California's deadliest current wildfire gets larger
California's deadliest current wildfire is getting larger, officials warn, despite thousands of firefighters battling it, in what is described as the worst start to the fire season in 10 years, according to a July 30 BBC News report.
"Erratic winds" and dry conditions have caused the Carr fire to grow early on Sunday, July 29, firefighters said.
It is one of eight major wildfires currently burning in the state.
The fire, in the Shasta County in northern California, has killed six people so far, including two children and their great-grandmother. Two firefighters also lost their lives on Thursday. A third firefighter died battling the Ferguson fire, near Yosemite, on Sunday.

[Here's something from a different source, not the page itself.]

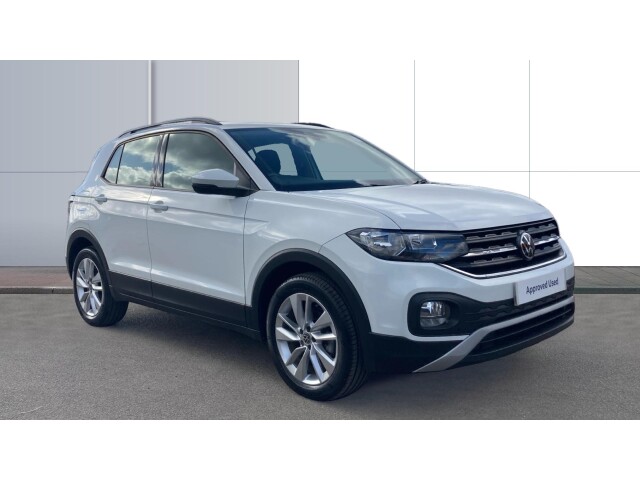 Main listing image - Volkswagen T-Cross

The Carr fire, which doubled in size overnight on Friday, July 27 was only 5 percent contained by Sunday morning. It has already burnt more than 48,000 acres (194 sq km) of land and destroyed at least 500 structures, according to the BBC.
US President Donald Trump has approved federal aid for the counties.
The Carr fire is the largest of eight big fires burning in California, and 90 across the country, according to the National Interagency Fire Center.
There are currently 12,000 firefighters battling the flames across the state, according to the BBC.
Wildfires are a common occurrence in California during the state's long, hot, dry summers.
However, experts say this has been the worst start to the fire season in 10 years - partly due to the 2012-2017 drought that killed off large amounts of vegetation.